Segment Start: Data records

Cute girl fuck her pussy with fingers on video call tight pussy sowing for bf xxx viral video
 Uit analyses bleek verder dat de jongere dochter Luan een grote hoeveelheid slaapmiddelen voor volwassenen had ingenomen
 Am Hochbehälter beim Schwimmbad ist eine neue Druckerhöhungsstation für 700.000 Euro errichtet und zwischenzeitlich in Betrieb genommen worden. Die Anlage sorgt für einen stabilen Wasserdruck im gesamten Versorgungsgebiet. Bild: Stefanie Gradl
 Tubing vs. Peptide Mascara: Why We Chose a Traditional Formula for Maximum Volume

Segment End: Data records
Segment Start: Data records

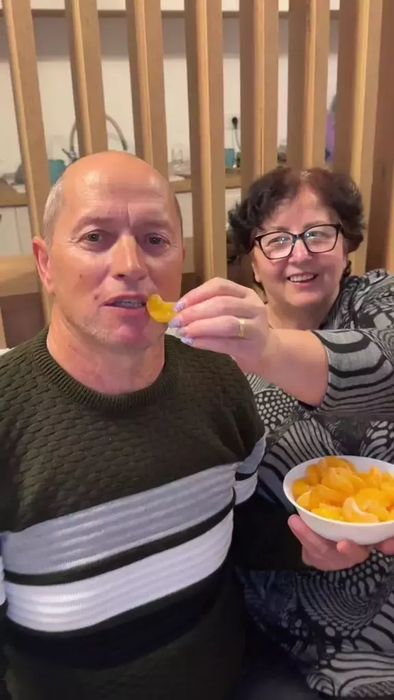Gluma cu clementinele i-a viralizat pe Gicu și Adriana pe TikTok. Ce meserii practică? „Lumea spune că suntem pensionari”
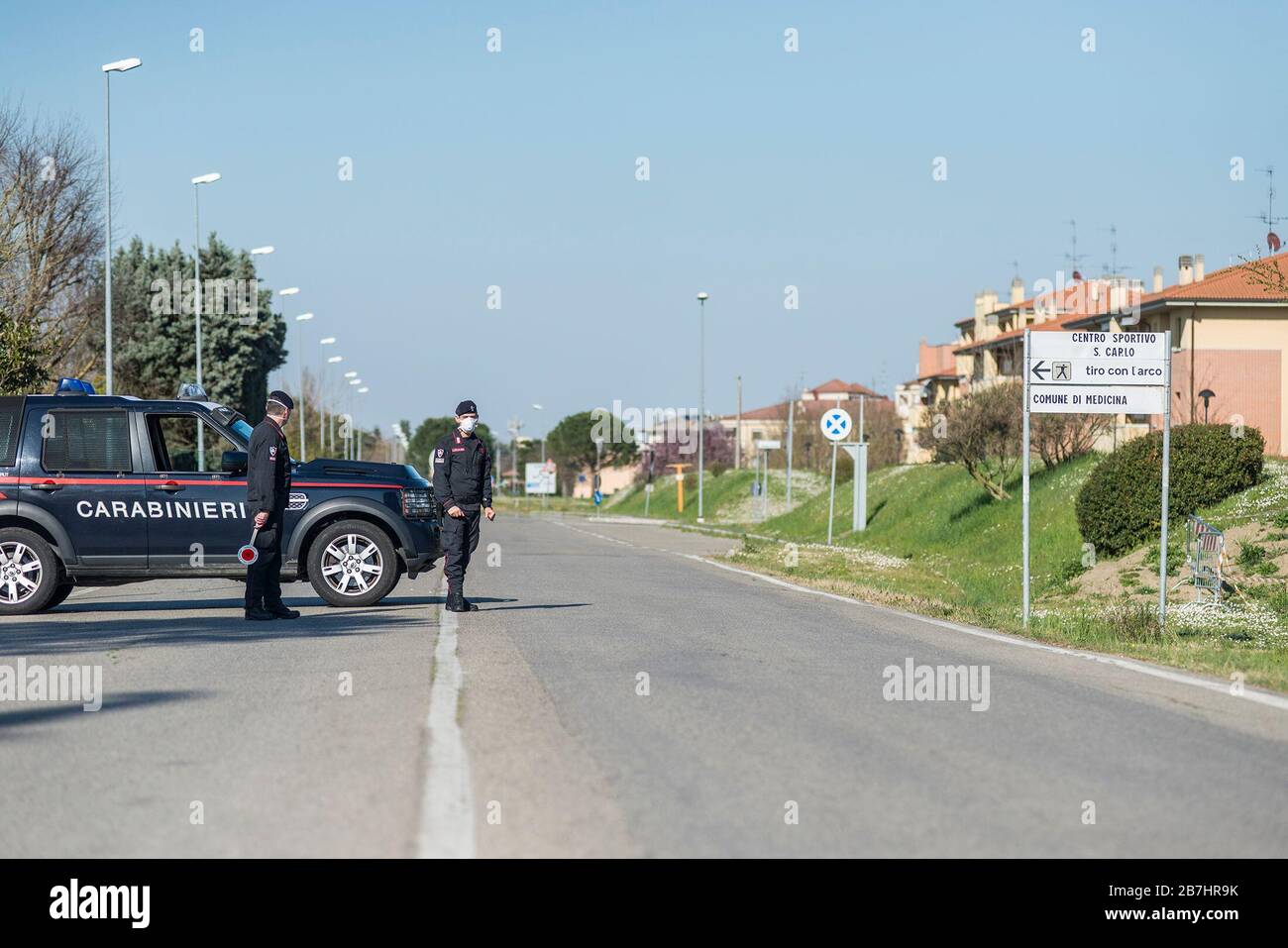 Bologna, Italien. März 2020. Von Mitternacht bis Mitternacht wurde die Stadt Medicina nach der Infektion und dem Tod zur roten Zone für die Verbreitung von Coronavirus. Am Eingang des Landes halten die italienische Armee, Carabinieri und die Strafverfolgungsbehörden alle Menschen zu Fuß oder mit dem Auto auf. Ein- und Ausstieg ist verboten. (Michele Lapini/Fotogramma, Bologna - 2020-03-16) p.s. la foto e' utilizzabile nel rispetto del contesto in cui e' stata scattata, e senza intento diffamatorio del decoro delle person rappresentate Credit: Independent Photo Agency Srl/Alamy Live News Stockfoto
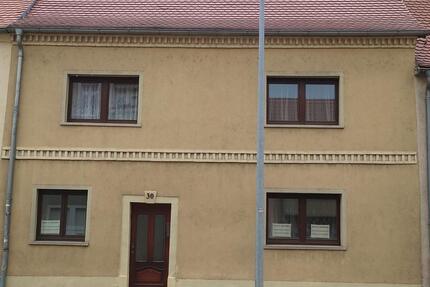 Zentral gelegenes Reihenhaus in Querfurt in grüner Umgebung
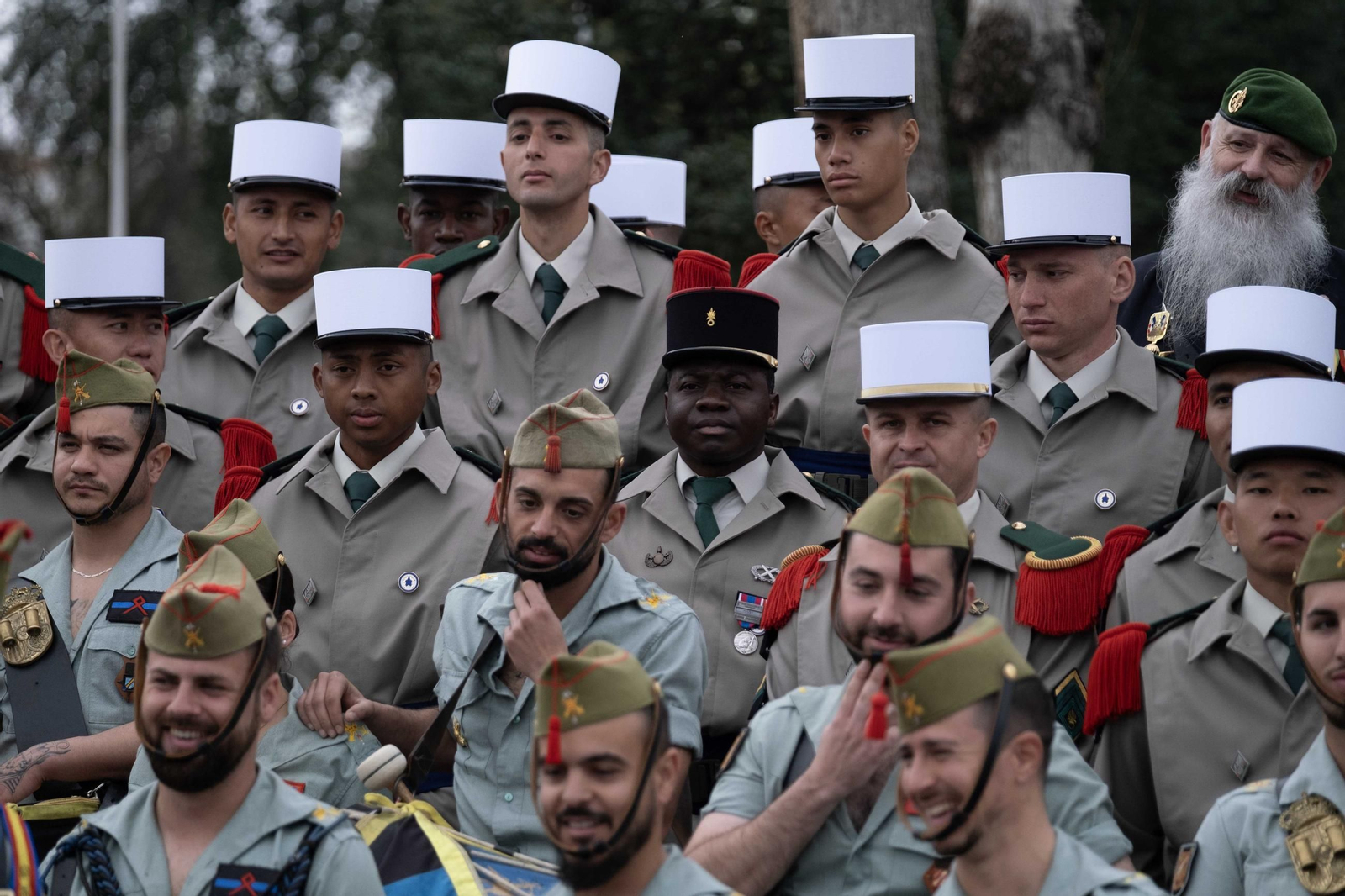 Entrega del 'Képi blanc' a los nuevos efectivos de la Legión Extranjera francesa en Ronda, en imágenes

Segment End: Data records
Segment Start: Data records

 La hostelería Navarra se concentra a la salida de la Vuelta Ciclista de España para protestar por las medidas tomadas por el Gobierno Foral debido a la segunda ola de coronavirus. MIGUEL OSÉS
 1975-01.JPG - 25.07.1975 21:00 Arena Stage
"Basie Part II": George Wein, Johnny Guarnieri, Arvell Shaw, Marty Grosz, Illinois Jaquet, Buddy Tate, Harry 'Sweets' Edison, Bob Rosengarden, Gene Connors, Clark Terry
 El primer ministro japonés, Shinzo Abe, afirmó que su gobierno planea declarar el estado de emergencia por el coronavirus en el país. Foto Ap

Segment End: Data records

What you have to do: Give back, word for word, only the lines above from the line holding "Cute girl fuck" to the line holding "Uit analyses bleek", both included.

Finished task:
Cute girl fuck her pussy with fingers on video call tight pussy sowing for bf xxx viral video
 Uit analyses bleek verder dat de jongere dochter Luan een grote hoeveelheid slaapmiddelen voor volwassenen had ingenomen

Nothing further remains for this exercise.